Ariane rapped herself on the forehead hard, just to remind herself how stupid she’d been. “Oh, God, how could I have forgotten that? The Archives!”

“Give me a smack too, Ariane. In fact, make that two smacks,” DuQuesne said. “Klono’s tungsten… dammit, no, not going back to those old oaths.” He blushed darkly, as he sometimes did when his old Hyperion upbringing surfaced. “But how the hell could I have dropped the ball that badly? Simon’s got a one-year pass to the largest library in two universes. We could end up away for months, and if he comes with us he’s pissing away one of the greatest chances we have to advance our knowledge and understanding of the Arena and everything in it.”

“I’m afraid that’s my feeling on the matter,” Simon said. “I should be spending several hours a week, at least, digging through those Archives, seeing what I can turn up.” The Analytic had given Simon the unlimited right to visit the Archives for one year – but had omitted any right of Simon to use the Archive’s equivalent of an index or search function.

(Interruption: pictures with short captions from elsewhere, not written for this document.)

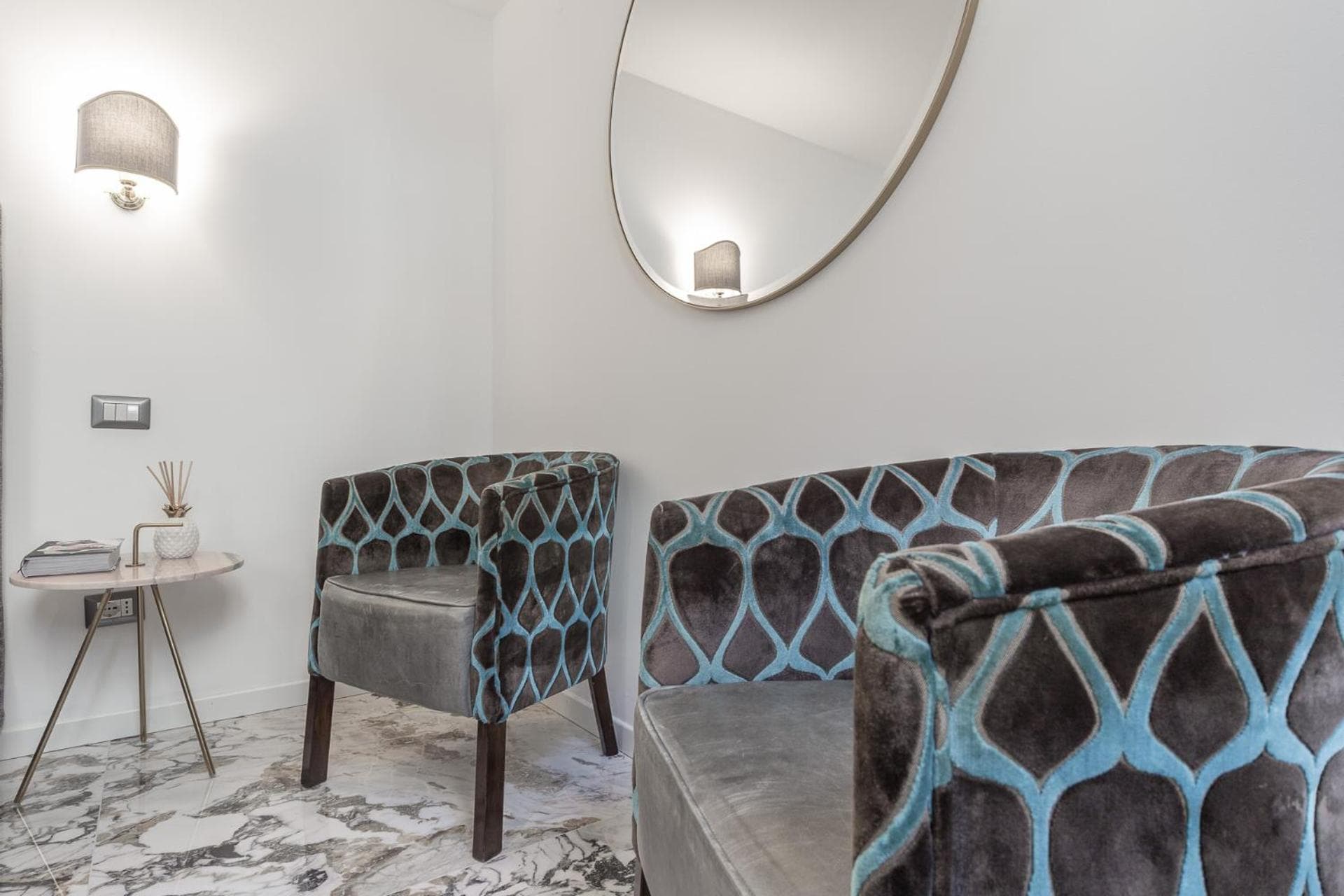 Duomo Smart Suites — 23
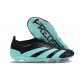 Botas Adidas Predator Elite LL FG Negro Azul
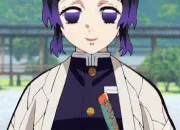 Test Un fanart Shinobu Kocho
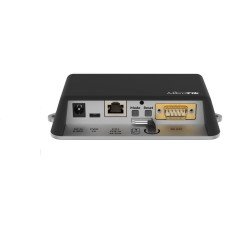 Wi-Fi точка доступа MikroTik RB912R-2nD-LTm&EC200A-EU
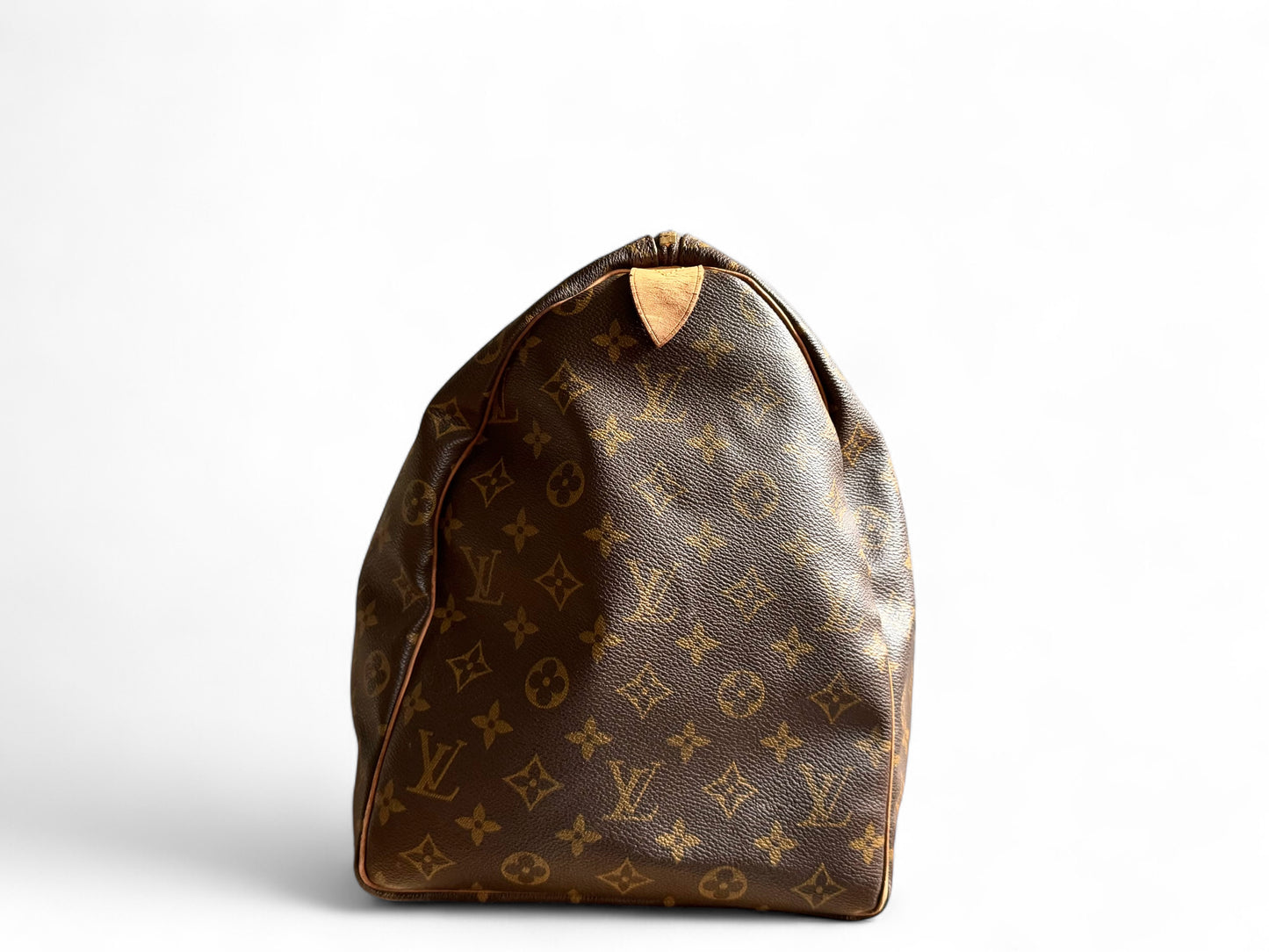 LOUIS VUITTON Monogram Keepall 50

Simon’s as-yet-poorly understood connection to the Arena, that sometimes provided him with knowledge or insight beyond the ordinary, had allowed him to mitigate this disadvantage to some extent, but didn’t substitute for the lack of the index. Partly, Ariane knew, this was because Simon himself was very wary of that capability – which had no known precedent anywhere in the Arena – and did not want to rely on it overly much.

But even pure random searching of a library that, literally, covered almost the entirety of the Arena – its history, its Factions, its technology – was an opportunity of almost incalculable value, and Simon was right – all too right – that it was one they could not afford to waste.

“I hate to agree, but I can’t see any possible argument in the other direction,” Ariane said reluctantly. “The fact that you’ll be seen – regardless of official positions – as something of my surrogate while I’m gone is just the cherry on top.” She looked to DuQuesne. “Do we need to choose a replacement, then?”

“I don’t think so. Orphan said a minimum would be three more, right? You, Wu, and me make three, and a pretty damned competent three at that.”

She felt slightly better, though she really didn’t like the idea of not seeing Simon for months. “True, he did say three was feasible. We’d probably prefer more, but unless he changed his mind, three should be enough.”

“You mentioned ‘official positions’,” Simon said. “Who’s actually going to be in charge?”

“While we’re gone? I’m making it a dual effort. Laila and Carl will be the nominal bosses, and I think you and Oasis can do the same for them that you and DuQuesne have done for me.”

“Advisors and gadflies, yes,” he said with a flashing smile. “That makes perfect sense to me.”

Carl grinned. “Or me and Laila the figureheads, with the mad scientist pulling our strings behind the scenes?”

Laila gave one of her short, explosive laughs. “Well, that would be satisfactory too.”

“Works for me, too,” DuQuesne said, grinning. “So are we ready?”

“Ready,” Ariane said. “Let’s go see Orphan!”